_Work to be completed_
Your task is to return the listing below word for word, without any of its images.

··· Given data ···

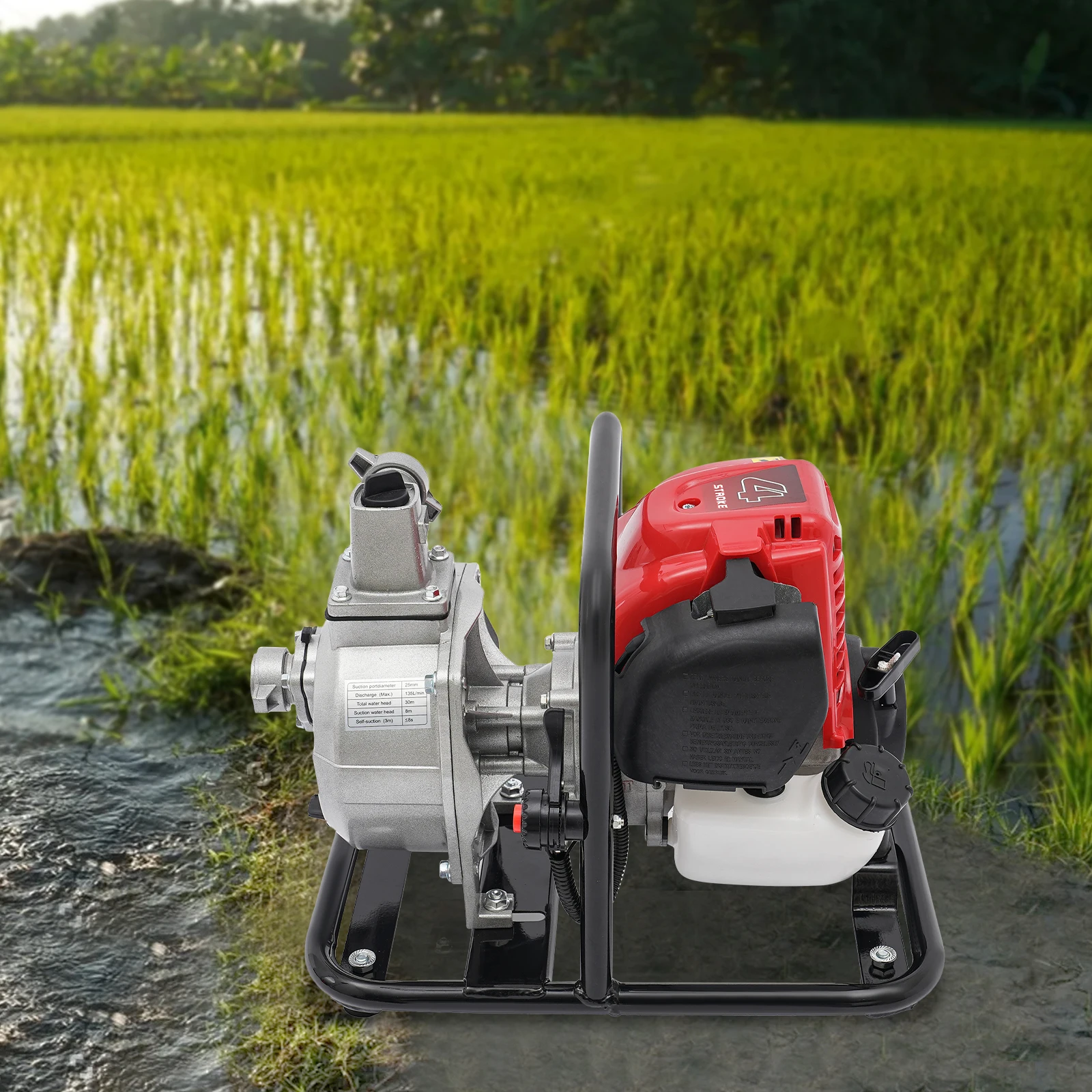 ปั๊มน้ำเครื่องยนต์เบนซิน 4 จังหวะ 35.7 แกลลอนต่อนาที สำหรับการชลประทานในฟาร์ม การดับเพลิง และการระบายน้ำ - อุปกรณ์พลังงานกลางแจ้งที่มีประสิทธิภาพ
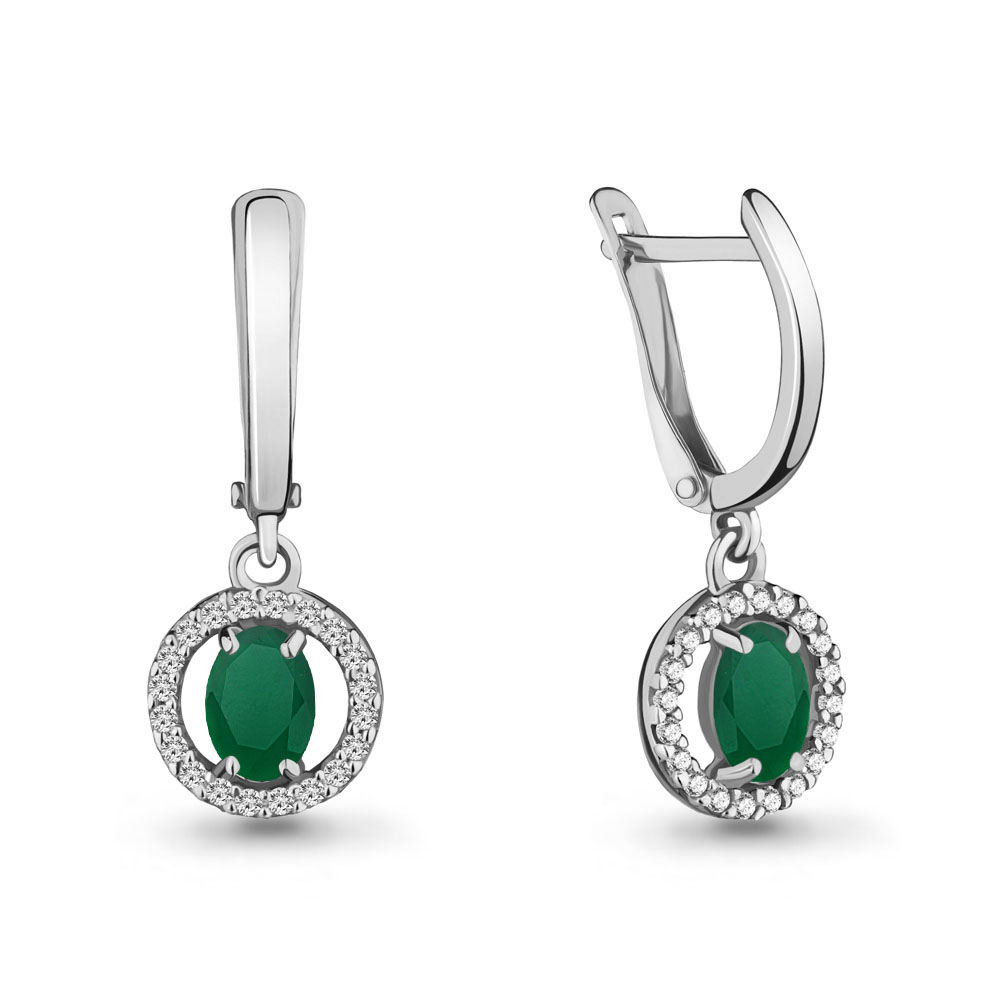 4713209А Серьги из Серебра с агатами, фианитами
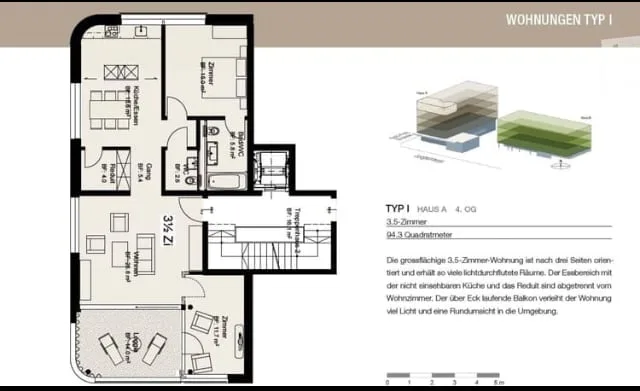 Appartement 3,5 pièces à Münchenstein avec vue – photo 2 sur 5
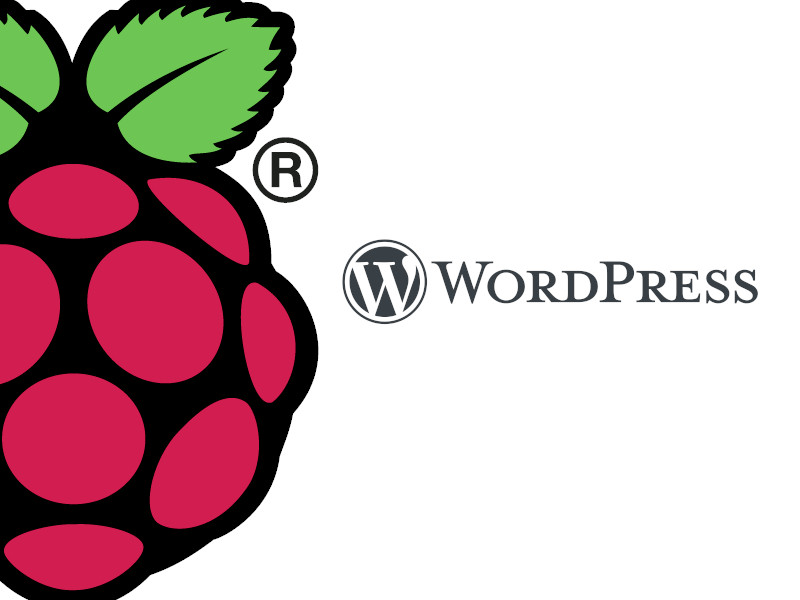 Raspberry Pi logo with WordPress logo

···

_Task solution_
 ปั๊มน้ำเครื่องยนต์เบนซิน 4 จังหวะ 35.7 แกลลอนต่อนาที สำหรับการชลประทานในฟาร์ม การดับเพลิง และการระบายน้ำ - อุปกรณ์พลังงานกลางแจ้งที่มีประสิทธิภาพ
 4713209А Серьги из Серебра с агатами, фианитами
 Appartement 3,5 pièces à Münchenstein avec vue – photo 2 sur 5
 Raspberry Pi logo with WordPress logo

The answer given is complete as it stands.